March 10, 2011 posted by Chaplain Kathie
First let me say that being right does no good if no one listens. Too many years ago, I noticed a difference between civilian survivors and participants. By that I mean, law enforcement and military personnel. There is one kind of PTSD survivors experience after a crime, natural disaster, accidents and abuse but there is another type when people are part of the traumatic event itself. Then there is the type after violence was used in response coupled with the constant threat of more events.
Cops don’t face daily traumatic events but they know each day they leave their house, they may not come back home. For deployed servicemen and women, during their entire deployment, they also know it could be their last day, just as they try to cope with what happened the day before and the day before that. Even back home they have to constant threat of redeployment hanging over their heads. This is also true for Reservists and National Guards. There is no real down time for them.
We can understand someone changing after a horrible accident. Even if there were no other times, we can still understand the fear they have whenever they get into a car. We can understand fear and panic striking when hurricane season rolls around or tornados are reported in the area even if the person has only been in harms way once. We can understand a firefighter after one too many deaths especially involving children. People can change after one event in their lives as survivors. They change even more when they are part of the event itself.
Life After War: Perspectives on PTSD From Rhode Island Veterans
Posted by Simon van Zuylen-Wood
March 9th, 2011
In 2003, having waited 15 years in the Rhode Island National Guard for the opportunity to deploy overseas, Vinnie Scirocco deployed for Iraq and trained at a base.
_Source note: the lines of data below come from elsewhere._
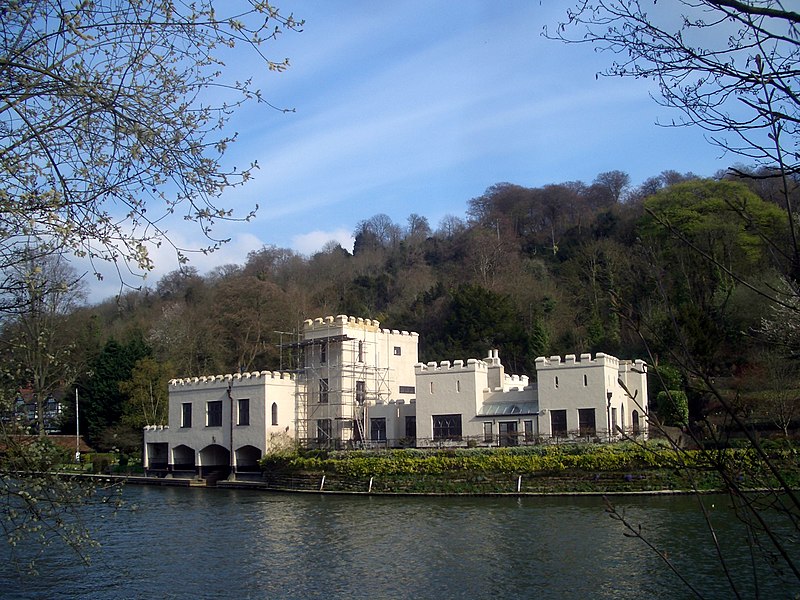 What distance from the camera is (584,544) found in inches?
703

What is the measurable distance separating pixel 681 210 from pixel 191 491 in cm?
2815

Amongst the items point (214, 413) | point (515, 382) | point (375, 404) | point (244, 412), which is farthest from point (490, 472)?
point (214, 413)

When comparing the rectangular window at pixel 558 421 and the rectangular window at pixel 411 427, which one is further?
the rectangular window at pixel 411 427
Three months later, without seeing combat, Scirocco was physically injured and given honorable discharge. “I didn’t feel like I completed my mission,” said Scirocco, now the State Commander of the Veterans of Foreign Wars (VFW). “To the day I die I will probably always feel that way. No pill, no conversation with anyone at any educational level can change that.”
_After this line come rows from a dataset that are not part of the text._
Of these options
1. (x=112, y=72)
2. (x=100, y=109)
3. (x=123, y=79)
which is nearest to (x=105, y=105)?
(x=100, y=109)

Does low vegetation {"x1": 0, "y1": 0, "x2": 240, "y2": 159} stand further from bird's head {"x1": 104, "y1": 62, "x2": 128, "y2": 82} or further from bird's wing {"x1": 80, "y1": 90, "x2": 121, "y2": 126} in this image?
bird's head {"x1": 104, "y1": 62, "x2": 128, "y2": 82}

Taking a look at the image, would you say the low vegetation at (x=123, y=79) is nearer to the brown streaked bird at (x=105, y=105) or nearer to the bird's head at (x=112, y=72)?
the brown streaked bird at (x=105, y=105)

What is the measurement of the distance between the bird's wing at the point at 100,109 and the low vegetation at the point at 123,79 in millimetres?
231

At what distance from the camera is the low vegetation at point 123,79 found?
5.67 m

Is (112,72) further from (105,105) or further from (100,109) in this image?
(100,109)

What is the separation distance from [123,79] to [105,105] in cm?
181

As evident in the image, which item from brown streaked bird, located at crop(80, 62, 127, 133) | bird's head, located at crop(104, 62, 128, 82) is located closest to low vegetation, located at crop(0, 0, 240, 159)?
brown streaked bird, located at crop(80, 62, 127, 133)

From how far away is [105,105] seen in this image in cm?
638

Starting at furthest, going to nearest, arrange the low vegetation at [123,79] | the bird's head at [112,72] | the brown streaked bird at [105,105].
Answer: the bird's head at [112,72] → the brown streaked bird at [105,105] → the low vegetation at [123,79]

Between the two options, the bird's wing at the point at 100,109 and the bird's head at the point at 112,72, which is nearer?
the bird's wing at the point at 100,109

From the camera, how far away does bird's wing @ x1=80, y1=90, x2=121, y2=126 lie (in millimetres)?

After six years of road rage and constant guilt Scirocco checked himself into the Veteran’s Affairs Hospital in Providence and was diagnosed with Post-Traumatic Stress Disorder (PTSD).
A childhood friend of Scirocco’s, who was deployed at the same time and remained in Iraq, developed Post-Traumatic Stress Disorder (PTSD) shortly after Vinnie’s discharge, after shooting and killing a baby girl. He was a gunner on a Humvee that patrolled the streets of Baghdad, where civilian vehicles are not allowed to pass military vehicles. A family desperately trying to get to the hospital chanced it and passed the Humvee. Scirocco explained the aftermath: “So he shot at the car. What you hope to do is shoot in between the husband and the wife. You didn’t want to shoot at anybody. Well, there was a little girl in the backseat who got shot and killed. This friend of mine, he’s a father. He’ll never be the same—no matter how many times I tell him, ‘It’s not your fault; you had to do that,’ he’ll always feel guilty for that—he can’t take that bullet back.”
Both Scirocco and his friend undergo therapy and take medication for PTSD. They’re both saddled with a heavy, inextinguishable guilt. But one of them never saw action, while the other did. The problem with diagnosing PTSD when no identifiable trauma has occurred is not necessarily that veterans will be getting benefits they don’t deserve, but that the misdiagnosis can lead to a dangerous reliance on prescription drugs, or an overestimation of one’s own mental health problems.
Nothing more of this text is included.